Assignment. Look through the data below and, wherever a line carries the word "from", please copy that line.

Dataset entries.
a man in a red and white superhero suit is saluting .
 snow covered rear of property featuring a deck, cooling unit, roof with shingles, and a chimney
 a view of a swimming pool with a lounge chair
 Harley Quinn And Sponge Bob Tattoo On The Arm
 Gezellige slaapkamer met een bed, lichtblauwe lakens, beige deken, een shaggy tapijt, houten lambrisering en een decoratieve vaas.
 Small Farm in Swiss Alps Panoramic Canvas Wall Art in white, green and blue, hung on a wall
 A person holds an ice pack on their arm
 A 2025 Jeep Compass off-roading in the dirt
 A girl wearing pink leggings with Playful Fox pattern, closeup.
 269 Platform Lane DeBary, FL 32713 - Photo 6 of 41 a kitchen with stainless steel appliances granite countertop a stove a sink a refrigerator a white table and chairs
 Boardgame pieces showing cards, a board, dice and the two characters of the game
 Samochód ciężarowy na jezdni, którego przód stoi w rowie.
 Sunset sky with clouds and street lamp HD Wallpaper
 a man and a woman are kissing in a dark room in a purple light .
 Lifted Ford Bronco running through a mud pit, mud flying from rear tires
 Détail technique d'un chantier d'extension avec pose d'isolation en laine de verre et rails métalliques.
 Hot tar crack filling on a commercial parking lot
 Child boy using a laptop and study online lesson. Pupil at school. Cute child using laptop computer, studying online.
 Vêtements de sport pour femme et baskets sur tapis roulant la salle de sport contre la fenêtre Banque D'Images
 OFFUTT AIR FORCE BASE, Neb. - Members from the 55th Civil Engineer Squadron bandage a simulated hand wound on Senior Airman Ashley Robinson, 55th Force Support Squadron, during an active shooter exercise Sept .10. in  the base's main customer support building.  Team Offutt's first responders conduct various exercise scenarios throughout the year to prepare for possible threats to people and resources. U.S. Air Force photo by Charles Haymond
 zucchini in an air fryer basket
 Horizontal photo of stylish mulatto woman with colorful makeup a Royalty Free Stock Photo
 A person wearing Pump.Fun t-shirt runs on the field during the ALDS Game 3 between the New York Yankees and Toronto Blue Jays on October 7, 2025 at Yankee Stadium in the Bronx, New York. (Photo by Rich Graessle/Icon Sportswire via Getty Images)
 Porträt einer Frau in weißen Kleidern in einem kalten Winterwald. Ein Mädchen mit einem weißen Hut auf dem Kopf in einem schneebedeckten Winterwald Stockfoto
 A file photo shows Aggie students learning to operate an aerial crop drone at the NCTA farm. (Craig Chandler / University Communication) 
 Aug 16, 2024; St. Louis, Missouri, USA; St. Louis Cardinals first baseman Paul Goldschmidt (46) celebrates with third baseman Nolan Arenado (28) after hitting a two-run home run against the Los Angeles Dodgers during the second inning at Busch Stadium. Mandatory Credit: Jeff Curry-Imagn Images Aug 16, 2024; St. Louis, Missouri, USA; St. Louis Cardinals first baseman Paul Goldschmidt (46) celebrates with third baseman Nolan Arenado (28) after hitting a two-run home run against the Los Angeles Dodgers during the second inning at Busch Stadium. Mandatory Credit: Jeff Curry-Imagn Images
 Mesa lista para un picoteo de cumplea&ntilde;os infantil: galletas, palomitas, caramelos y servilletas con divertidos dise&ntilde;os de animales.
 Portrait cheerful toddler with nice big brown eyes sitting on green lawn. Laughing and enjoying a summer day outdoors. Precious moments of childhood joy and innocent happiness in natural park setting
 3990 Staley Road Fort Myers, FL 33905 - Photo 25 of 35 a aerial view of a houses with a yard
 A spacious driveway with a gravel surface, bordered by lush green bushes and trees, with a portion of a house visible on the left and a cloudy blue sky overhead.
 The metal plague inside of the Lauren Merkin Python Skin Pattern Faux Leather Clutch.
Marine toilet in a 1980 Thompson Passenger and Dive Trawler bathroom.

Exercise result.
 Lifted Ford Bronco running through a mud pit, mud flying from rear tires
 OFFUTT AIR FORCE BASE, Neb. - Members from the 55th Civil Engineer Squadron bandage a simulated hand wound on Senior Airman Ashley Robinson, 55th Force Support Squadron, during an active shooter exercise Sept .10. in  the base's main customer support building.  Team Offutt's first responders conduct various exercise scenarios throughout the year to prepare for possible threats to people and resources. U.S. Air Force photo by Charles Haymond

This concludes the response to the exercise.